8-But God demonstrates His own love toward us, in that while we were still sinners, Christ died for us.
A young couple invited their aging pastor over for Sunday dinner. While the parents were in the kitchen preparing the meal, the minister asked their son what they were having for dinner. The little boy replied, "Goat." The pastor was surprised and said, "Goat? Are you sure about that?"
To which the boy responded, "Yep, I heard my dad tell my mom that we might as well have the old goat for dinner today!"
WITHOUT STRENGTH-We are all in the same boat (Rich, Poor, Black, White, Educated, Uneducated) and it has a leak!
DUE TIME-Perfect timing!
Gal. 4:4-When the fullness of the time had come, God sent forth His Son.
UNGODLY-We we're the ungodly, unrighteous, unholy until we accepted salvation.
"I'm a good person!" At their best their still unholy, ungodly, unrighteous if their without Christ!"
RIGHTEOUS MAN-You don't see anyone jumping in to take Jesus' place, oh, sure Peter cut off the High Priest servant's ear, but guy probably didn't even carry a sword!
Why won't someone die for a righteous person?
Because they tick people off with the way they live their life.
Look at Shadrach, Meshach, Abed-nego-They would not bow down to a golden image, Daniel thrown into a lion's den, just because he was praying like he always did, Mordecai wouldn't bow down to Haman (Book of Esther).
God demonstrates his own love for us in this: While we we're still sinners, Christ died for us.
A mother living in a tenement house went shopping for groceries. While she was in the store, a fire engine raced by. She wondered, "Is the fire engine going to my home?" She had left her baby asleep at home. Forgetting about the groceries, she ran toward home. Her building had fire hoses aimed at it. It was burning like a matchbox. Rushing to the chief, she cried out, "My baby is up there." He shouted back to her, "It would be suicide for anyone to go up there now; it's too late."
A young fireman standing by volunteered, "Chief, I have a little baby at
home, and if my house were on fire, I'd want someone to go up to save my baby. I'll go." The young fireman climbed the stairs; he got the baby, threw her into the rescue net, and just as he did, the house collapsed and he was burned to death.

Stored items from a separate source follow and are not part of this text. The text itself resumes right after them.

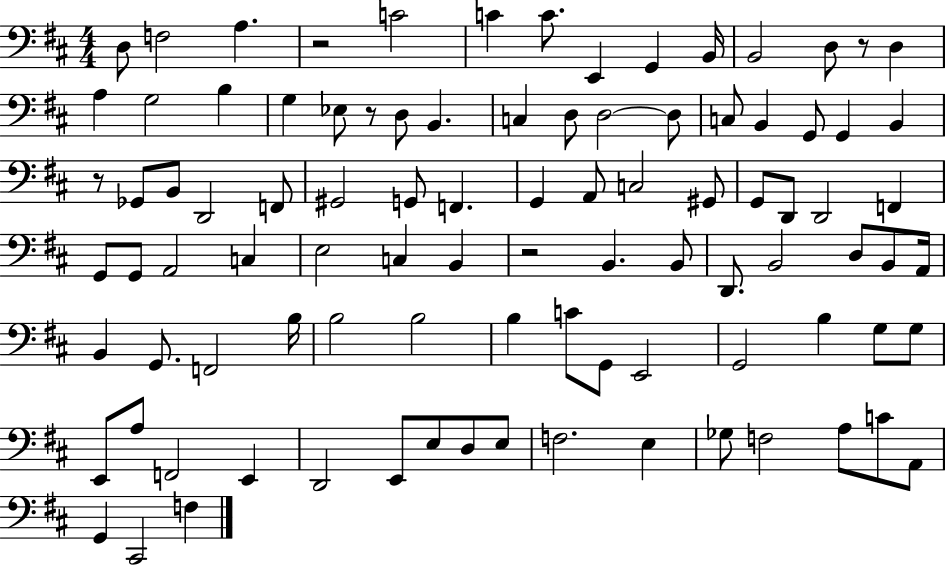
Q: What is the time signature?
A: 4/4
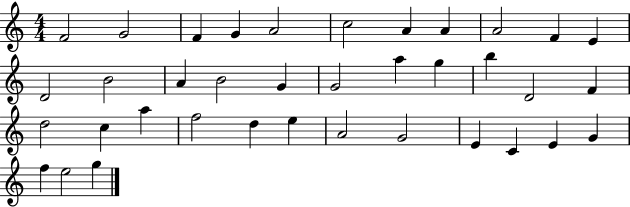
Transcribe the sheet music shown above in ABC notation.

X:1
T:Untitled
M:4/4
L:1/4
K:C
F2 G2 F G A2 c2 A A A2 F E D2 B2 A B2 G G2 a g b D2 F d2 c a f2 d e A2 G2 E C E G f e2 g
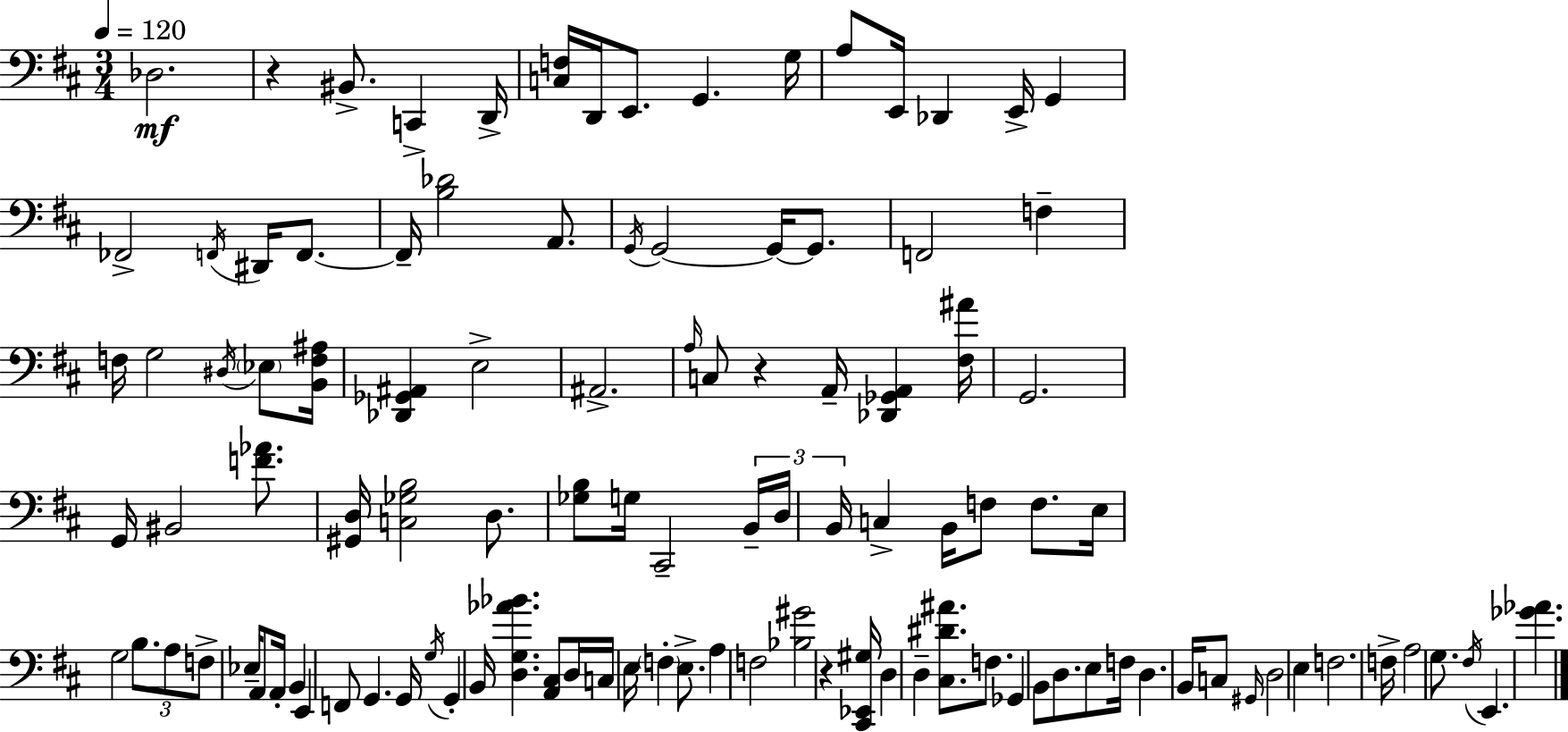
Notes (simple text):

Db3/h. R/q BIS2/e. C2/q D2/s [C3,F3]/s D2/s E2/e. G2/q. G3/s A3/e E2/s Db2/q E2/s G2/q FES2/h F2/s D#2/s F2/e. F2/s [B3,Db4]/h A2/e. G2/s G2/h G2/s G2/e. F2/h F3/q F3/s G3/h D#3/s Eb3/e [B2,F3,A#3]/s [Db2,Gb2,A#2]/q E3/h A#2/h. A3/s C3/e R/q A2/s [Db2,Gb2,A2]/q [F#3,A#4]/s G2/h. G2/s BIS2/h [F4,Ab4]/e. [G#2,D3]/s [C3,Gb3,B3]/h D3/e. [Gb3,B3]/e G3/s C#2/h B2/s D3/s B2/s C3/q B2/s F3/e F3/e. E3/s G3/h B3/e. A3/e F3/e Eb3/s A2/e A2/s B2/q E2/q F2/e G2/q. G2/s G3/s G2/q B2/s [D3,G3,Ab4,Bb4]/q. [A2,C#3]/e D3/s C3/s E3/s F3/q E3/e. A3/q F3/h [Bb3,G#4]/h R/q [C#2,Eb2,G#3]/s D3/q D3/q [C#3,D#4,A#4]/e. F3/e. Gb2/q B2/e D3/e. E3/e F3/s D3/q. B2/s C3/e G#2/s D3/h E3/q F3/h. F3/s A3/h G3/e. F#3/s E2/q. [Gb4,Ab4]/q.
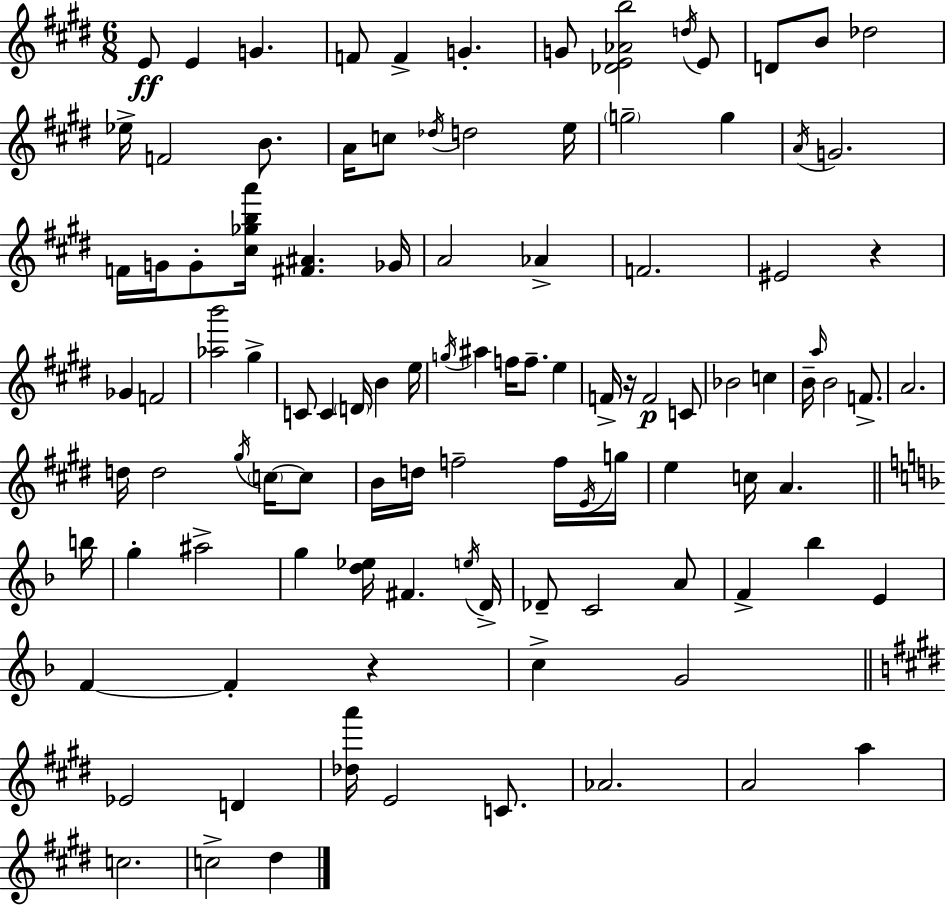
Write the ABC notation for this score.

X:1
T:Untitled
M:6/8
L:1/4
K:E
E/2 E G F/2 F G G/2 [_DE_Ab]2 d/4 E/2 D/2 B/2 _d2 _e/4 F2 B/2 A/4 c/2 _d/4 d2 e/4 g2 g A/4 G2 F/4 G/4 G/2 [^c_gba']/4 [^F^A] _G/4 A2 _A F2 ^E2 z _G F2 [_ab']2 ^g C/2 C D/4 B e/4 g/4 ^a f/4 f/2 e F/4 z/4 F2 C/2 _B2 c B/4 a/4 B2 F/2 A2 d/4 d2 ^g/4 c/4 c/2 B/4 d/4 f2 f/4 E/4 g/4 e c/4 A b/4 g ^a2 g [d_e]/4 ^F e/4 D/4 _D/2 C2 A/2 F _b E F F z c G2 _E2 D [_da']/4 E2 C/2 _A2 A2 a c2 c2 ^d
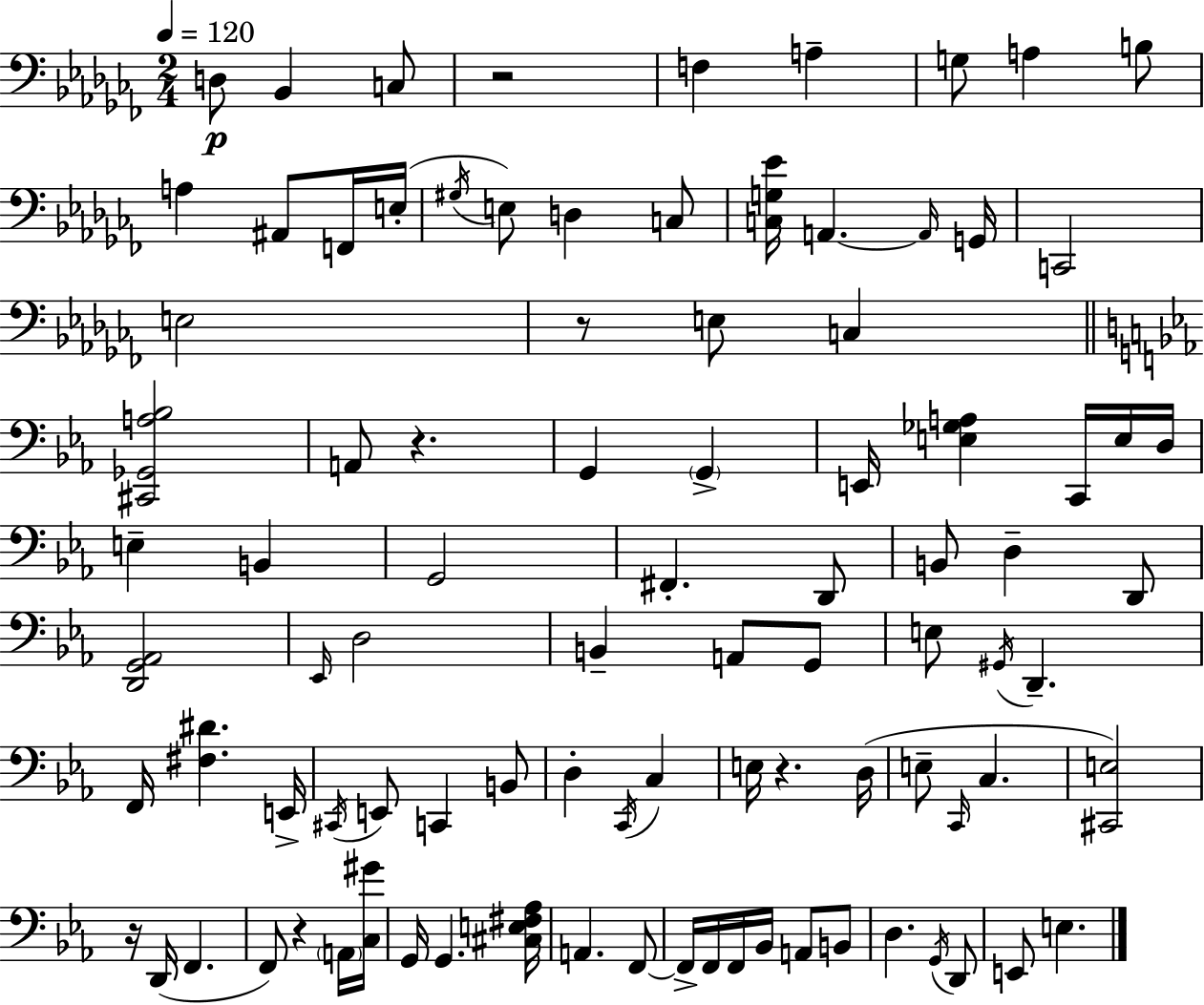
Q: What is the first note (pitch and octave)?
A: D3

The scene is 20 years later at a graveside. A 20-year-old woman is sobbing softly. Before her, at the head of this grave, is the statue of a fireman. A man stopping by asks respectfully, "Was that your father?" She replies, "No." "Was that your brother?" "No," she says. "That's the man who died for me."
[b]The Ant and the Grasshopper[/b]
A mother of a 9 year old boy, Mark, received a phone call in the middle of the afternoon. It was the teacher from her son's school.
"Mrs. Smith, something unusual happened today in your son's third grade class. Your son did something that surprised me so much that I thought you should know about it immediately."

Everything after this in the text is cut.